Starbucks is ubiquitous in the developed world. Wherever you go, you’ll more likely than not find a Starbucks to sell you coffee and treats for a nominal fee. There was some cheering and grumbling when a new Starbucks opened in Kawagoe’s historical district, steps away from a historic bell tower. Many were upset about corporate intrusion, while other applauded the company for making a non-intrusive store that blended in. I had an opportunity to check it out an a sleepy Friday morning, and here’s what I had to see.
First of all, many places in Japan open late and close early. The Japanese are not a “going out” type of morning people. They are up early and moving to get to their jobs, mostly, because many of their commutes are pretty long. As such, you won’t find much open before 10 AM. The cycle seems to be this: A few places open at 8 AM if they’re in a station and they have food, with the rest of them opening at 9 or 10 AM. So, if you’re up at 6 AM and need your coffee, your best bet is a vending machine.
That being said, we arrived at the Starbucks around 8:30 AM. This would be hectic, full, and boisterous for any Starbucks in America, but in sleepy Coedo, we were the third and fourth customers respectively. It was quiet and calm, with only a couple of people trickling in after us to read quietly or surf the web on their phones.
First, if you weren’t paying attention, you would probably walk right by this place and be none the wiser of its existence. The architecture mimics that of the surrounding warehouses, complete with tiered, tiled roof and wooden frame. The branding and signage are tastefully done, in my opinion. If there must be a Starbucks, it’s super nice knowing that they went through so much effort to make it fit with the neighborhood.

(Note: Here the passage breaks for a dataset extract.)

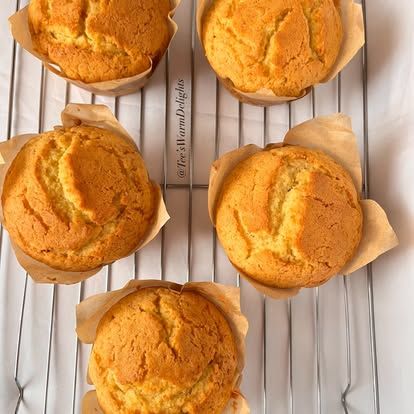 Classic vanilla muffins cooling on a wire rack.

On that front, there’s more Japanese goodness inside! They have a small seating area to the left of the entrance that is outside, where you can sit and enjoy a bit of greenery at individual tables. The store feels very open, with its raised roof allowing for peeking light to shimmer in through the slats between the roof and the structure. In the back is the main highlight: the Japanese garden.
They’ve set up a bit of a zen garden in the back, complete with cinder and regular seating for customers to enjoy the natural garden. There’s a small stream running through a bamboo pipe, rock walkways, and iconic mosses and bonsai trees to round it out. While you can’t actually enter the garden, they do partition it off with some authentic-looking bamboo barricades.
As for the offerings, it’s typical Starbucks fare. Whatever you can get at other Starbucks, you can get here. There’s really no special menu items. If you just want to relax with your favorite branded drink in a Japanese setting, this place is definitely worth checking out!